Ferkans — Interactive Telecom Tutor

The Case for Greediness

Convex relaxation solves $\ell_0$ -sparse recovery by replacing the combinatorial $\|\mathbf{x}\|_0$ penalty with $\|\mathbf{x}\|_1$ and invoking ISTA/FISTA/ADMM. This works — but in three important regimes, greedy algorithms are faster, simpler, and often more accurate: (i) known sparsity level $s$ , so we can stop after exactly $s$ selections; (ii) very sparse signals ( $s\ll M$ ), where the greedy search touches only a handful of columns of $\mathbf{A}$ ; (iii) speed-critical applications like real-time channel estimation or radar, where even FISTA is too expensive. This section develops the three canonical greedy methods: OMP, CoSaMP, and IHT. All three share one idea — identify a candidate support, solve a restricted least-squares on it, update. They differ in how they build the support.

Definition:
Restricted Least-Squares

Given a support set $\mathcal{S}\subseteq\{1,\ldots,N\}$ with $|\mathcal{S}|\leq M$ , the restricted least-squares estimate is $\hat{\mathbf{x}}_\mathcal{S} = \arg\min_\mathbf{w}\; \|\mathbf{y}-\mathbf{A}_\mathcal{S}\,\mathbf{w}\|_2^2 = \mathbf{A}_\mathcal{S}^{+}\mathbf{y},$ where $\mathbf{A}_\mathcal{S}$ is the submatrix containing only the columns of $\mathbf{A}$ indexed by $\mathcal{S}$ , and $\mathbf{A}_\mathcal{S}^+$ is its pseudo-inverse. The full estimate places these values on $\mathcal{S}$ and zeros elsewhere.

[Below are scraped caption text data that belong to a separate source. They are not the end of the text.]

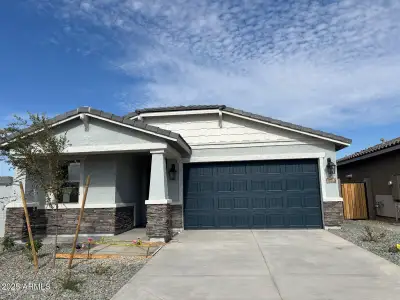 New construction Single-Family house 16040 W Bronco Trl, Surprise, AZ 85387 plan Leslie - image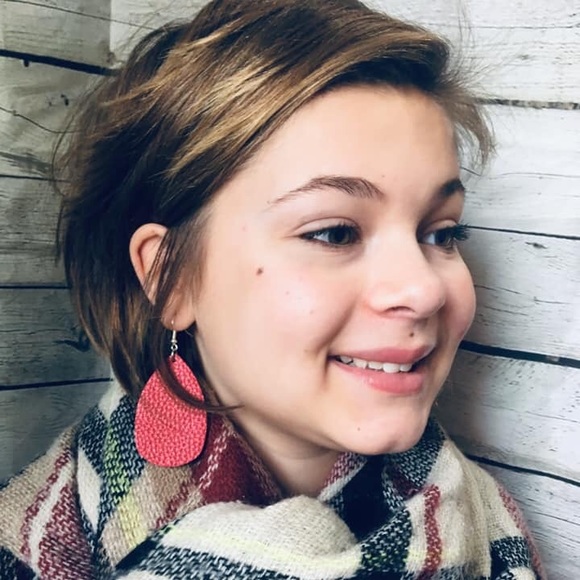 Teardrop Earrings - Picture 1 of 2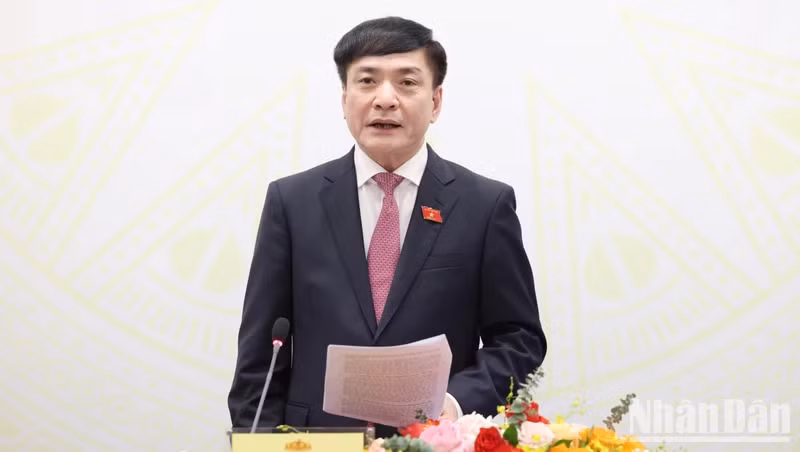 Tổng Thư ký Quốc hội-Chủ nhiệm Văn phòng Quốc hội Bùi Văn Cường phát biểu tại họp báo. (Ảnh: DUY LINH)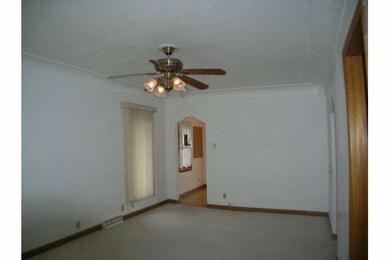 1309 E 35th Ct, Des Moines, IA 50317 - photo 3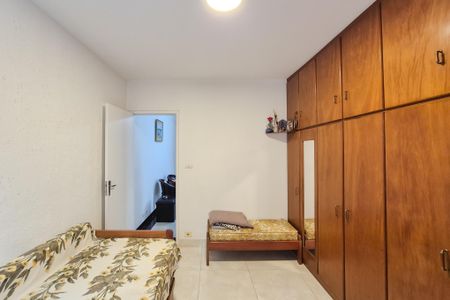 Casa à venda com 275m², 3 quartos e 4 vagas Casa à venda com 275m², 3 quartos e 4 vagasQuarto 2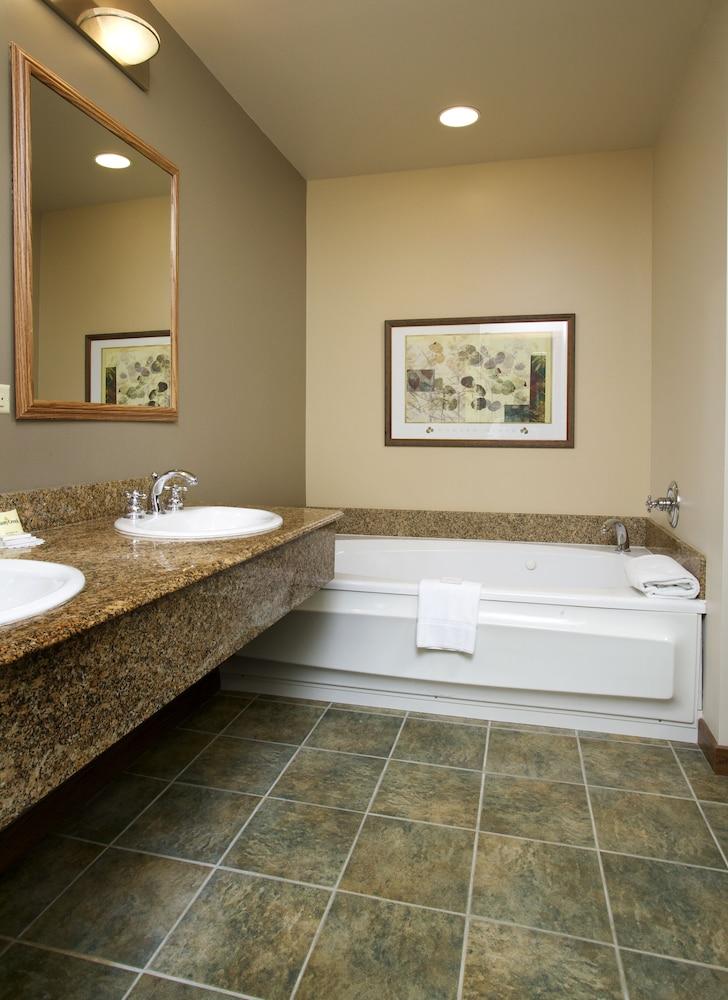 The Lodge at Cedar River, Shanty Creek Resort photo 6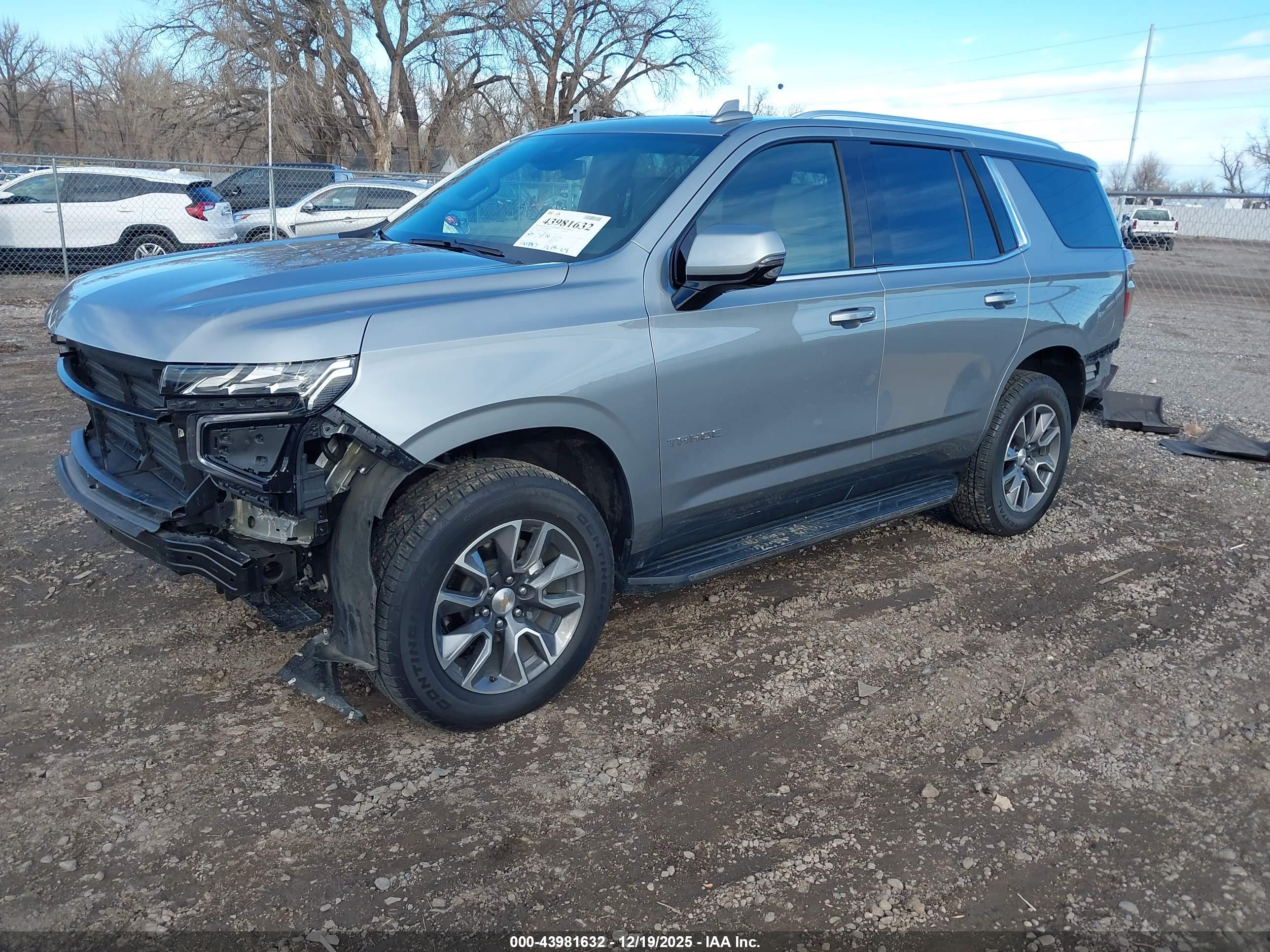 CHEVROLET TAHOE image 2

All three greedy algorithms produce their final iterate by a restricted least-squares solve on their estimated support. The cost is a QR or Cholesky factorization of $\mathbf{A}_\mathcal{S}^\top\mathbf{A}_\mathcal{S}$ — cheap when $|\mathcal{S}|$ is small.

OMP (Orthogonal Matching Pursuit)

Complexity:

O(s\cdot MN)

correlations +

O(s^3)

for the incremental QR of

\mathbf{A}_{\mathcal{S}_k}

. Much cheaper than FISTA when

s\ll M

.

Input: A, y, sparsity s (or residual tolerance eps).

Initialize: residual r_0 = y, support S_0 = {}, iterate x_0 = 0.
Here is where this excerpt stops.